Well aware that many “old-school” educators would look askance at NOCOFO’s emphasis on speaking out against injustice and “staying true to one’s own moral compass” even when that runs counter to conventional behavior and thinking, Dave predicted, “We will run into roadblocks, I’m sure!”
He was right. Despite a hopeful start at Columbia University’s Double Discovery Center, the NOCOFO model eventually lost traction and stalled. Around the same time, Dave first began sharing his thoughts of suicide.
He knew, according to those close to him, that he was not well. As he bounced from one form of treatment to another, he lamented to Meaghan: “I’m broken. I have PTSD, I have trauma, I have major depressive disorder, and I’m suicidal. And I’m never going to get better.”

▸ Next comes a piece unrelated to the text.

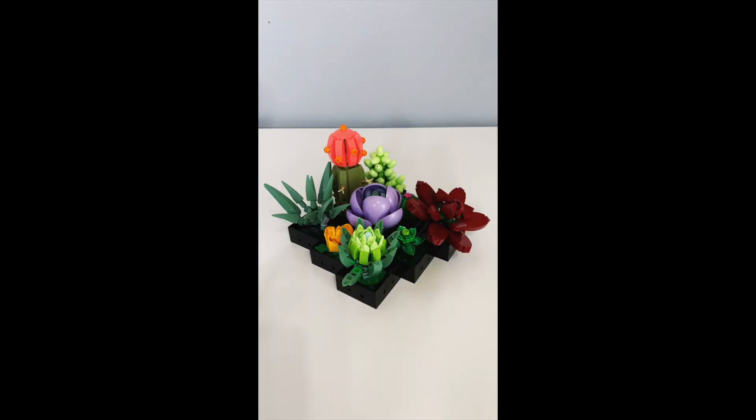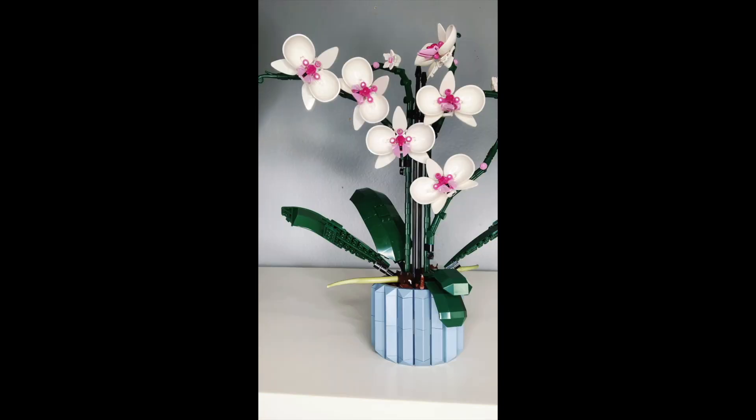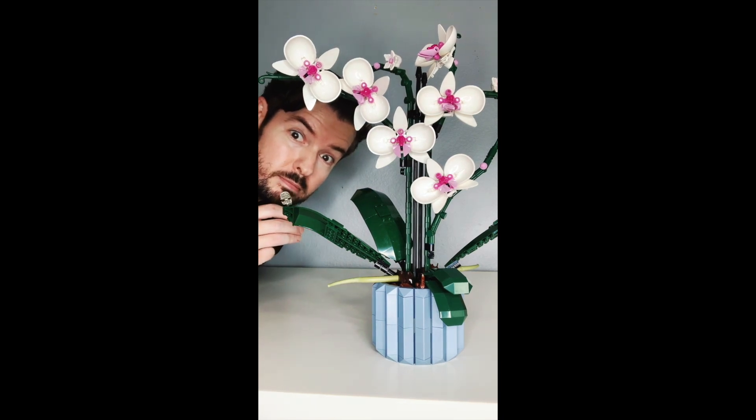Are you suspicious of real plants? Yes. Then check out these. Succulents. Watch your mouth. Orchids. What kids? These fake plastic plants are made of real plastic Lego.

“And there were times when he’d say: ‘There’s nothing wrong with me. This is how I am, and I need to find a way to make it work for me in my life,’” Meaghan said.
The idea of inpatient treatment frightened him to the point where he promised he’d become violent if ever institutionalized. Still, as he underwent treatments ranging from one-on-one counseling all the way to electroconvulsive therapy, his mental state grew continually worse.
In the summer of 2018, Dave sat down with Matthew and Julie at the family’s camp in Perry and told them what he saw coming: His life would end in suicide.
Matthew tried to get him to move to Maine, where he might find more personalized treatment. But that would mean leaving Meaghan behind in Queens.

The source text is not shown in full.